*What you have to do:*
Give back exactly the first lines of the entries below, through the line with "Audi A5 2017".

--- Data Enclosed Below ---

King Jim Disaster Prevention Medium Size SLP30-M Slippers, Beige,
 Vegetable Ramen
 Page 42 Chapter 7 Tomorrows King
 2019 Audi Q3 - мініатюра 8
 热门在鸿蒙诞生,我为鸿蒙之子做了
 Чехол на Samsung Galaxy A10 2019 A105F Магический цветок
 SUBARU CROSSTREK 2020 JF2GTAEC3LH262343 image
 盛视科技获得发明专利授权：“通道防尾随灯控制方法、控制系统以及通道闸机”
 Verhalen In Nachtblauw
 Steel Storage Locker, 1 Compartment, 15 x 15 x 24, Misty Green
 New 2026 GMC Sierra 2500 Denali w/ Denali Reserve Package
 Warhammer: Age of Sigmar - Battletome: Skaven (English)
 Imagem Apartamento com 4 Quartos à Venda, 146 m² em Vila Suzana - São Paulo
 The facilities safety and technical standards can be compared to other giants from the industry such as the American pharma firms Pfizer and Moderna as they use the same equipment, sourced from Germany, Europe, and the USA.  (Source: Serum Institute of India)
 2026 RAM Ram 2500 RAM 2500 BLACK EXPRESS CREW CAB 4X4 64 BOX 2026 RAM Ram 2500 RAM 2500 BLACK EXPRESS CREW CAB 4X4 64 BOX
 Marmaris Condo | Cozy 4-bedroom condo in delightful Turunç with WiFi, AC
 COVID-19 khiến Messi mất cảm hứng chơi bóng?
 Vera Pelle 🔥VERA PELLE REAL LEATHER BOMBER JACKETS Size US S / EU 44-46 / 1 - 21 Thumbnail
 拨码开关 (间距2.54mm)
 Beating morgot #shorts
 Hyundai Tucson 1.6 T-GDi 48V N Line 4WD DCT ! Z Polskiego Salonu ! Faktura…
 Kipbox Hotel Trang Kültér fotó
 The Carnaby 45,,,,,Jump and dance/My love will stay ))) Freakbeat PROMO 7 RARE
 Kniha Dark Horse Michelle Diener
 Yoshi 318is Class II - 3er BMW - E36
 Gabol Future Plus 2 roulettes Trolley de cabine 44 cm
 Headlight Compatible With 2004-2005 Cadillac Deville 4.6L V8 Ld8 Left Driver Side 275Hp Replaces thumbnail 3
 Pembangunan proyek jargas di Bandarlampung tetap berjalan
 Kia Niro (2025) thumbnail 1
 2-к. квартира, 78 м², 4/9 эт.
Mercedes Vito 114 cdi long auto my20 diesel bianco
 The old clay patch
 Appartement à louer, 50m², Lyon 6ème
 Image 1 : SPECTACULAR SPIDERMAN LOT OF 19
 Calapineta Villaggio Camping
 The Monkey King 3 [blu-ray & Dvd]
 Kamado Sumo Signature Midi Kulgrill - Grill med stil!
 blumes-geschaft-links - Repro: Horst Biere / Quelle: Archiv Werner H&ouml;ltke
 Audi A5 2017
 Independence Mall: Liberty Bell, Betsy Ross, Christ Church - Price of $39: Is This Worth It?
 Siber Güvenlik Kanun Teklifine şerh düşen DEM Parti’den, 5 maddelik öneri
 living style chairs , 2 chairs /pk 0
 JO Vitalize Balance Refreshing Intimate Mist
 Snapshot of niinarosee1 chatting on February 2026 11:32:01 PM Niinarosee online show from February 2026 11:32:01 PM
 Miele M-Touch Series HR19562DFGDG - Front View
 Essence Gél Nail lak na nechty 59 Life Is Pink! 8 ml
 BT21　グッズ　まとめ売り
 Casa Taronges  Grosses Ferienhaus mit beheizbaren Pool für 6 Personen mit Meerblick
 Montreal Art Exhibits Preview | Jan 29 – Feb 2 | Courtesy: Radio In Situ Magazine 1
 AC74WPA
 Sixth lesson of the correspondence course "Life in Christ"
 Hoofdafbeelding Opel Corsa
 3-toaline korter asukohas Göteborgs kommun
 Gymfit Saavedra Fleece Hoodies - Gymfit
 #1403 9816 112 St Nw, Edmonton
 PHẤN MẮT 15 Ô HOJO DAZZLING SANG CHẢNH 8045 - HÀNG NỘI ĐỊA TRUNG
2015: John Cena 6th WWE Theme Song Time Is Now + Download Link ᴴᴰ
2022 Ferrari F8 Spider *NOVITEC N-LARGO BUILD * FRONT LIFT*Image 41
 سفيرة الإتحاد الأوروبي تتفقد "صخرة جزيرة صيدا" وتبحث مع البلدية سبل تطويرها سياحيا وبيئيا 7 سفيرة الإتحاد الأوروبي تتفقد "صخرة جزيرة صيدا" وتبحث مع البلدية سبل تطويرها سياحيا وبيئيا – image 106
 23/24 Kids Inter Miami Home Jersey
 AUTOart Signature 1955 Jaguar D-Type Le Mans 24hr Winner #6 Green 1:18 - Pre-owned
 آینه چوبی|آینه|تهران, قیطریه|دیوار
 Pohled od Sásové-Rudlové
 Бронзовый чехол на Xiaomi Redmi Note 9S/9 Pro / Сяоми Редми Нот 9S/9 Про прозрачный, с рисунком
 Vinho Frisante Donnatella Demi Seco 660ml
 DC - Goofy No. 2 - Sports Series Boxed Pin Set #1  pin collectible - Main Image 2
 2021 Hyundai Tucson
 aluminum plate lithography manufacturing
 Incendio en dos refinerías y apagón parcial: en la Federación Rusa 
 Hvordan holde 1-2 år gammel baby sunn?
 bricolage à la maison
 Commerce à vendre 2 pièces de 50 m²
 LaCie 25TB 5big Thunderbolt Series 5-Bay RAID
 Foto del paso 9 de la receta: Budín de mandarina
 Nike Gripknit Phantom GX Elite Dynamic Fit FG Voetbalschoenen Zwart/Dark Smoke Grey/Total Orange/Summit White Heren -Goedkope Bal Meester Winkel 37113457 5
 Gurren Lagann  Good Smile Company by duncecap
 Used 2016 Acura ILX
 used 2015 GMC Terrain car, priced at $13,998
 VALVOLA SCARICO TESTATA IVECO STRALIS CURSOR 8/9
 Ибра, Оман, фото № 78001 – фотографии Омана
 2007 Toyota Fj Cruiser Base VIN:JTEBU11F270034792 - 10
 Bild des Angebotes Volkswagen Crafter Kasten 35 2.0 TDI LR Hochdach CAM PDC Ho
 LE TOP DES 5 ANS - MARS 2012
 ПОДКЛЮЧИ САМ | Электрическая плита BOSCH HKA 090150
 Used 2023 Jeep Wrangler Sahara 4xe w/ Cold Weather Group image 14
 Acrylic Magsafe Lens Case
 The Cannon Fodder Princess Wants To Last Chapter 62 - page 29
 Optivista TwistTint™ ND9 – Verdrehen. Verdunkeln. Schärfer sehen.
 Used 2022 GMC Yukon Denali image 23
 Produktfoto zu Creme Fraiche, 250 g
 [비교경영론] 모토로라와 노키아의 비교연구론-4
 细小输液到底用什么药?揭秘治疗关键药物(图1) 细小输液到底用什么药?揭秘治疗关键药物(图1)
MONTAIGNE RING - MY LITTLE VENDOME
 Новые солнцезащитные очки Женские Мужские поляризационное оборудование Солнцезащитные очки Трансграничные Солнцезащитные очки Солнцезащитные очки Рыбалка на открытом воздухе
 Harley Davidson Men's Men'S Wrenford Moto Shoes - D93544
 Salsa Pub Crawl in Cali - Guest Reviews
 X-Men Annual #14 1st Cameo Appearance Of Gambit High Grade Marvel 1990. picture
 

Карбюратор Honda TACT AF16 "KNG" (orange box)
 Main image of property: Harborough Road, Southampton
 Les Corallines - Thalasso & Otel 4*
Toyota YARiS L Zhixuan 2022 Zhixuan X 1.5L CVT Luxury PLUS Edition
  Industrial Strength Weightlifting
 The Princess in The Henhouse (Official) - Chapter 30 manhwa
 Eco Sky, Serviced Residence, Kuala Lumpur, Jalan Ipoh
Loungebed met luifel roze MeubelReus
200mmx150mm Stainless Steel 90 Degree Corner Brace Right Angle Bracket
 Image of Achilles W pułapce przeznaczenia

--- End of Enclosed Data ---

*Task result:*
King Jim Disaster Prevention Medium Size SLP30-M Slippers, Beige,
 Vegetable Ramen
 Page 42 Chapter 7 Tomorrows King
 2019 Audi Q3 - мініатюра 8
 热门在鸿蒙诞生,我为鸿蒙之子做了
 Чехол на Samsung Galaxy A10 2019 A105F Магический цветок
 SUBARU CROSSTREK 2020 JF2GTAEC3LH262343 image
 盛视科技获得发明专利授权：“通道防尾随灯控制方法、控制系统以及通道闸机”
 Verhalen In Nachtblauw
 Steel Storage Locker, 1 Compartment, 15 x 15 x 24, Misty Green
 New 2026 GMC Sierra 2500 Denali w/ Denali Reserve Package
 Warhammer: Age of Sigmar - Battletome: Skaven (English)
 Imagem Apartamento com 4 Quartos à Venda, 146 m² em Vila Suzana - São Paulo
 The facilities safety and technical standards can be compared to other giants from the industry such as the American pharma firms Pfizer and Moderna as they use the same equipment, sourced from Germany, Europe, and the USA.  (Source: Serum Institute of India)
 2026 RAM Ram 2500 RAM 2500 BLACK EXPRESS CREW CAB 4X4 64 BOX 2026 RAM Ram 2500 RAM 2500 BLACK EXPRESS CREW CAB 4X4 64 BOX
 Marmaris Condo | Cozy 4-bedroom condo in delightful Turunç with WiFi, AC
 COVID-19 khiến Messi mất cảm hứng chơi bóng?
 Vera Pelle 🔥VERA PELLE REAL LEATHER BOMBER JACKETS Size US S / EU 44-46 / 1 - 21 Thumbnail
 拨码开关 (间距2.54mm)
 Beating morgot #shorts
 Hyundai Tucson 1.6 T-GDi 48V N Line 4WD DCT ! Z Polskiego Salonu ! Faktura…
 Kipbox Hotel Trang Kültér fotó
 The Carnaby 45,,,,,Jump and dance/My love will stay ))) Freakbeat PROMO 7 RARE
 Kniha Dark Horse Michelle Diener
 Yoshi 318is Class II - 3er BMW - E36
 Gabol Future Plus 2 roulettes Trolley de cabine 44 cm
 Headlight Compatible With 2004-2005 Cadillac Deville 4.6L V8 Ld8 Left Driver Side 275Hp Replaces thumbnail 3
 Pembangunan proyek jargas di Bandarlampung tetap berjalan
 Kia Niro (2025) thumbnail 1
 2-к. квартира, 78 м², 4/9 эт.
Mercedes Vito 114 cdi long auto my20 diesel bianco
 The old clay patch
 Appartement à louer, 50m², Lyon 6ème
 Image 1 : SPECTACULAR SPIDERMAN LOT OF 19
 Calapineta Villaggio Camping
 The Monkey King 3 [blu-ray & Dvd]
 Kamado Sumo Signature Midi Kulgrill - Grill med stil!
 blumes-geschaft-links - Repro: Horst Biere / Quelle: Archiv Werner H&ouml;ltke
 Audi A5 2017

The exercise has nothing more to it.